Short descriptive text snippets
========

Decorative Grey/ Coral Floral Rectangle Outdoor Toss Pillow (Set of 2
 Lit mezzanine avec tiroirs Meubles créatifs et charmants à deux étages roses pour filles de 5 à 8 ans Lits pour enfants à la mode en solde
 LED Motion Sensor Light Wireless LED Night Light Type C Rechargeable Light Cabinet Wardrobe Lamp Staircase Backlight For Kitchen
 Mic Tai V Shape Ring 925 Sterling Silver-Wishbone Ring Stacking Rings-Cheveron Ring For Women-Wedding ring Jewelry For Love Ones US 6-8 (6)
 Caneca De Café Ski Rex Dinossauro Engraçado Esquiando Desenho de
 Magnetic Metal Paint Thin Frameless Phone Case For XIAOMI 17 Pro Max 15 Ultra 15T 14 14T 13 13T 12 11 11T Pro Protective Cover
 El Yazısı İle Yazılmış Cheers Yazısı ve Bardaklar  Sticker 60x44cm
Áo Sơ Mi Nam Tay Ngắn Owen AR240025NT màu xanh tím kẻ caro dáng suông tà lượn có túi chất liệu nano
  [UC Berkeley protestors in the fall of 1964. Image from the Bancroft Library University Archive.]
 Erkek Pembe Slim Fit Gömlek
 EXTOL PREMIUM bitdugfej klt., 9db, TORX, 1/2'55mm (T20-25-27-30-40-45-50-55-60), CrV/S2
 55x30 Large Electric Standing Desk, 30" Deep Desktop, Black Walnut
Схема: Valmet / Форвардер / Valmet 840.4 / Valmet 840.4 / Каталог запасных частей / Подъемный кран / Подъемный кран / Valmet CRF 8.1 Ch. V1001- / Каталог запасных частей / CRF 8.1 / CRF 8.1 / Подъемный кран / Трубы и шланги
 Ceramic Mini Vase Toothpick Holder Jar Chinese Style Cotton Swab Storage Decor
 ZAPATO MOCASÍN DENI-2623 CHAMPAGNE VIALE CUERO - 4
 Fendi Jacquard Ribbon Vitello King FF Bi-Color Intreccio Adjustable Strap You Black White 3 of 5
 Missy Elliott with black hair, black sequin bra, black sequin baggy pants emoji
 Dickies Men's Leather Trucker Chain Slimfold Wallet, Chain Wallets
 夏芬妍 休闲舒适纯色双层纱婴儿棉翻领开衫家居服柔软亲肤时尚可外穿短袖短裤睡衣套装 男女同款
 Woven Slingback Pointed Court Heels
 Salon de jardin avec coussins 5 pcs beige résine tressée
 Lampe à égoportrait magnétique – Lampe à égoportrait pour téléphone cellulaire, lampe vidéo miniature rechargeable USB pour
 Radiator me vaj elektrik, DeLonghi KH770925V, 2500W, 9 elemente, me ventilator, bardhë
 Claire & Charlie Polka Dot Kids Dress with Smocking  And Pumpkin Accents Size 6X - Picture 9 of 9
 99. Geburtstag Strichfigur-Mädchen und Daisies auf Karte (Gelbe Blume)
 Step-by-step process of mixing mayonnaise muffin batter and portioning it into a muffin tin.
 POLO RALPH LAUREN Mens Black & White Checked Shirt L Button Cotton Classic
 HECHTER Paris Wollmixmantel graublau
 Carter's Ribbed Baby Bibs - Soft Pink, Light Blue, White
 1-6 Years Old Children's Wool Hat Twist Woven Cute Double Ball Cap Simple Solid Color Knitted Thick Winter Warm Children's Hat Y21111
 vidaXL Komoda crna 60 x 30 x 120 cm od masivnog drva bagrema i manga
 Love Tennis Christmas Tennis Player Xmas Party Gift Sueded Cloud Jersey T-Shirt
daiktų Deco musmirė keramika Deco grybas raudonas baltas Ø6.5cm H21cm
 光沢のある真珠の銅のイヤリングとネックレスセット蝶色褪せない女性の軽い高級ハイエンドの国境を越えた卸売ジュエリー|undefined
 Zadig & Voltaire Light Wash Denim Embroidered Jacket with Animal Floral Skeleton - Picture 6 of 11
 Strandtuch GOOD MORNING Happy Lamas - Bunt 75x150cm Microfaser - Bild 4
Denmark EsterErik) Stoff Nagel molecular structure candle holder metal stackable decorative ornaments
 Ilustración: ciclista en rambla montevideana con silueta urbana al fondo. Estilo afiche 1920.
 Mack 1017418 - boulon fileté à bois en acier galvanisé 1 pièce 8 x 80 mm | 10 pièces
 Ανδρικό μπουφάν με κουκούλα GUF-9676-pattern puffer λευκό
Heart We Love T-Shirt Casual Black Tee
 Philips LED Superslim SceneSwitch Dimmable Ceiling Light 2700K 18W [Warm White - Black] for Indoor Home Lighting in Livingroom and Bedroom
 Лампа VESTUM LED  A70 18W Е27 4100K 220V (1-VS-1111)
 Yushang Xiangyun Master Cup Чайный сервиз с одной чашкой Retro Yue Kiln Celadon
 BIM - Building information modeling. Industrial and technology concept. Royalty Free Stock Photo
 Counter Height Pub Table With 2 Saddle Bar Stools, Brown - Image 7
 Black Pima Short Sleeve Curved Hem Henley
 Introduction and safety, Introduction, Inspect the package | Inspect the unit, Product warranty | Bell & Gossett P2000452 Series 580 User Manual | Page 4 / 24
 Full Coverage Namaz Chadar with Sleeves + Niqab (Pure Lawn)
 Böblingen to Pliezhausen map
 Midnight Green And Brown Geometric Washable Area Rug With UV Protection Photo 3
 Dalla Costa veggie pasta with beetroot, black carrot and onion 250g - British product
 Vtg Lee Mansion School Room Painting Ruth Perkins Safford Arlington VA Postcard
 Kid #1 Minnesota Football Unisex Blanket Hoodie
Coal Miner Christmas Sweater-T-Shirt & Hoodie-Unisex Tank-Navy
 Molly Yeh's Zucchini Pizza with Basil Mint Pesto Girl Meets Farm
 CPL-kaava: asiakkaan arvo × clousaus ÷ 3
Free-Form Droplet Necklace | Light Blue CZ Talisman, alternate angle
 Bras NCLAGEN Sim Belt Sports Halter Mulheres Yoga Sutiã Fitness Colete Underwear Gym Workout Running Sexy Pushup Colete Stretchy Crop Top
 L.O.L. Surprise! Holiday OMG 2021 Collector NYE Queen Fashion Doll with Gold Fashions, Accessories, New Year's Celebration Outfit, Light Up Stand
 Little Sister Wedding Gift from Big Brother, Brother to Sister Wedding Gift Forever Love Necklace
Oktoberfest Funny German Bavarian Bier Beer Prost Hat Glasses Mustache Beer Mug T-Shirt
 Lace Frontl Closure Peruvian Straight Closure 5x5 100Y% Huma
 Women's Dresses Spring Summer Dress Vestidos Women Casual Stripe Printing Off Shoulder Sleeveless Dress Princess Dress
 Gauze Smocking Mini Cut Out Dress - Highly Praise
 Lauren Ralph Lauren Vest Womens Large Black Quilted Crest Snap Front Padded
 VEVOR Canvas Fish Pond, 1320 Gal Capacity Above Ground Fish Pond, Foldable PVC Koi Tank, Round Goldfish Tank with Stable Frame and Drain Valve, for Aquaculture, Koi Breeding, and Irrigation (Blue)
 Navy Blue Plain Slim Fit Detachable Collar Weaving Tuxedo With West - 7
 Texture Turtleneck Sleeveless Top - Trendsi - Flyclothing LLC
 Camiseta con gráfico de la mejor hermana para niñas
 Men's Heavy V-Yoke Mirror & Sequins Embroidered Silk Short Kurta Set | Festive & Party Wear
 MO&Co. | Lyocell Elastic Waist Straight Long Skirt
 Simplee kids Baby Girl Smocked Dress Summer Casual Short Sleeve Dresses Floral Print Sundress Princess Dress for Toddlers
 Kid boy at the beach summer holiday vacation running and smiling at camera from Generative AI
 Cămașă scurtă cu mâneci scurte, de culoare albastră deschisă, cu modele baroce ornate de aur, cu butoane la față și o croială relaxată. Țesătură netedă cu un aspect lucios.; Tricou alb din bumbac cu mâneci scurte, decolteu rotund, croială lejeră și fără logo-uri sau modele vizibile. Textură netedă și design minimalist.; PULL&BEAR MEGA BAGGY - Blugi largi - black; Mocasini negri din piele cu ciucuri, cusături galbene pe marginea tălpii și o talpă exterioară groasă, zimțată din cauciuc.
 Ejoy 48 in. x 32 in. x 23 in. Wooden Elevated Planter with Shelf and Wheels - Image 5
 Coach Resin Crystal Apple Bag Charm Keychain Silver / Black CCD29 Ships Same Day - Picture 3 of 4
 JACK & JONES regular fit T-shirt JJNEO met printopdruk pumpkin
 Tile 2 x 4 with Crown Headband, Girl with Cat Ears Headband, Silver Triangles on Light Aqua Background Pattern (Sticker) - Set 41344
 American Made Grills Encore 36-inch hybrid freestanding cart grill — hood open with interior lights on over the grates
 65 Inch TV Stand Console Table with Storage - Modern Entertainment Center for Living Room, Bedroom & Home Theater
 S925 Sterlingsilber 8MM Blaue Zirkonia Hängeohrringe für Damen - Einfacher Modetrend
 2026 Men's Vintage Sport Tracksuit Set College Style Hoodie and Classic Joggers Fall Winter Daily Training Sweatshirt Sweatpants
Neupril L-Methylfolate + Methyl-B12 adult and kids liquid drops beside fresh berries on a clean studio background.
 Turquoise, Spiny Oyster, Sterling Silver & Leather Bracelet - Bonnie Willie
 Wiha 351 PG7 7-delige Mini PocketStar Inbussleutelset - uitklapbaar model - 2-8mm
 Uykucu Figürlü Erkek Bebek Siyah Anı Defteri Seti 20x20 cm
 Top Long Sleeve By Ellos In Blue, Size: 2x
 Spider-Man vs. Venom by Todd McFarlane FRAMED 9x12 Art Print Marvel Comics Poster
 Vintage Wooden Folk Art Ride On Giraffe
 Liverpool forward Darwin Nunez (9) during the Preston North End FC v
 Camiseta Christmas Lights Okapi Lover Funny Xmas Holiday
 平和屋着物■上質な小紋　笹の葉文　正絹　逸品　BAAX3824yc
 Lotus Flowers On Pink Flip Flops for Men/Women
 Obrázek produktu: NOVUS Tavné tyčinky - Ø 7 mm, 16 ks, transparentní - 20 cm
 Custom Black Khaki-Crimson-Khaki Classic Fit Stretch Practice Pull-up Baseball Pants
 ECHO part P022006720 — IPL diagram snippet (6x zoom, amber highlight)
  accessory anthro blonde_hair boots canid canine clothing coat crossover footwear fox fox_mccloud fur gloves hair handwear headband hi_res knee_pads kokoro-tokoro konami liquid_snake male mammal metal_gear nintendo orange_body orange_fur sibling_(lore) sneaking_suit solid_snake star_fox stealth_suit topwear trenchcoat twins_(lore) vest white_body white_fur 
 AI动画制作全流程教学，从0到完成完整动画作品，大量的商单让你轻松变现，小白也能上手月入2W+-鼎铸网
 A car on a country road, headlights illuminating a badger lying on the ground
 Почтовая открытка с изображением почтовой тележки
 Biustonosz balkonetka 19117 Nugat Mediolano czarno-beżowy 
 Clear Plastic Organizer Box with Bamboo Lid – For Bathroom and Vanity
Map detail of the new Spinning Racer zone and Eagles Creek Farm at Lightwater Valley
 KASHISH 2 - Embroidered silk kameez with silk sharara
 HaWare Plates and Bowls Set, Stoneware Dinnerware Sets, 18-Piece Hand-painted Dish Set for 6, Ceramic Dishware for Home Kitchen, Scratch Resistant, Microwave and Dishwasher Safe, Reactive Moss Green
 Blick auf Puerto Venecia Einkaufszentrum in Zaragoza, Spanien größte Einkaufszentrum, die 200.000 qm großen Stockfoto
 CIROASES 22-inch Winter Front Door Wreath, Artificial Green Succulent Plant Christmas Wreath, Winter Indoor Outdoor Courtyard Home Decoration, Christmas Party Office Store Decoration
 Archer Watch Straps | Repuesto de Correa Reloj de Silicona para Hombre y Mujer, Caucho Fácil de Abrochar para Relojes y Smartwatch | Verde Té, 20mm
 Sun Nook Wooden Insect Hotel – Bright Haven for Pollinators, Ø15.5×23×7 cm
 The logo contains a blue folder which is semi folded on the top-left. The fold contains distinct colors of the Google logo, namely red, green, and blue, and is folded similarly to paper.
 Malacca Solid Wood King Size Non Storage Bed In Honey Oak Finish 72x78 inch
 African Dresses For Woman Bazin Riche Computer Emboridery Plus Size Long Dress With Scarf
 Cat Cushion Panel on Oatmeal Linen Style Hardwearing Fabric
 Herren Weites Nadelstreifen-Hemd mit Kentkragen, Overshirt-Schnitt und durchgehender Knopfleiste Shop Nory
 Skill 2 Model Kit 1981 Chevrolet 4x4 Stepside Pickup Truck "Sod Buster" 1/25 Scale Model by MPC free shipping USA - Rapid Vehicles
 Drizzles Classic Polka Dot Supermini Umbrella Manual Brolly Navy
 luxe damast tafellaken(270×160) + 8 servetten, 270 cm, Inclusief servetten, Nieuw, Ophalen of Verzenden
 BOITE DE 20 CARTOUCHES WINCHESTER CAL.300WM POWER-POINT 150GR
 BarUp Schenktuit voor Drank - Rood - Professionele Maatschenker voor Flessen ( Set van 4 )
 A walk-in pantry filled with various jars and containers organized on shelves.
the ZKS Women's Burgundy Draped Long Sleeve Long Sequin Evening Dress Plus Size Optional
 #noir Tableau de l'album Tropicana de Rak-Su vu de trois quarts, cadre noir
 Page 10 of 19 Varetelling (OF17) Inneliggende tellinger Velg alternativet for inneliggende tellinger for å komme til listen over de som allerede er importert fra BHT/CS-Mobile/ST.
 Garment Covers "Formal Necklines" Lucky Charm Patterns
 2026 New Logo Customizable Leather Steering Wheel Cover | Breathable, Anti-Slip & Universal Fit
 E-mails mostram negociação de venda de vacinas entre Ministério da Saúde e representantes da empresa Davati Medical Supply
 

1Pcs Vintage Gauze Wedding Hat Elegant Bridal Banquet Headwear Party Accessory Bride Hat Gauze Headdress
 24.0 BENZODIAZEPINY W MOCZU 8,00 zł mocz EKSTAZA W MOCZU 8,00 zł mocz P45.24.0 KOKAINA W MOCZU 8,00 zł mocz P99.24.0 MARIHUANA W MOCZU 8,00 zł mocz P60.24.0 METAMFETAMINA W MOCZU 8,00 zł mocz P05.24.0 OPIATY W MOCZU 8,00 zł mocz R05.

========

Reproduce the lines above, beginning at the line with "光沢のある真珠の銅のイヤリン" and stopping after the line with "Yushang Xiangyun Master", exactly as they are.

 光沢のある真珠の銅のイヤリングとネックレスセット蝶色褪せない女性の軽い高級ハイエンドの国境を越えた卸売ジュエリー|undefined
 Zadig & Voltaire Light Wash Denim Embroidered Jacket with Animal Floral Skeleton - Picture 6 of 11
 Strandtuch GOOD MORNING Happy Lamas - Bunt 75x150cm Microfaser - Bild 4
Denmark EsterErik) Stoff Nagel molecular structure candle holder metal stackable decorative ornaments
 Ilustración: ciclista en rambla montevideana con silueta urbana al fondo. Estilo afiche 1920.
 Mack 1017418 - boulon fileté à bois en acier galvanisé 1 pièce 8 x 80 mm | 10 pièces
 Ανδρικό μπουφάν με κουκούλα GUF-9676-pattern puffer λευκό
Heart We Love T-Shirt Casual Black Tee
 Philips LED Superslim SceneSwitch Dimmable Ceiling Light 2700K 18W [Warm White - Black] for Indoor Home Lighting in Livingroom and Bedroom
 Лампа VESTUM LED  A70 18W Е27 4100K 220V (1-VS-1111)
 Yushang Xiangyun Master Cup Чайный сервиз с одной чашкой Retro Yue Kiln Celadon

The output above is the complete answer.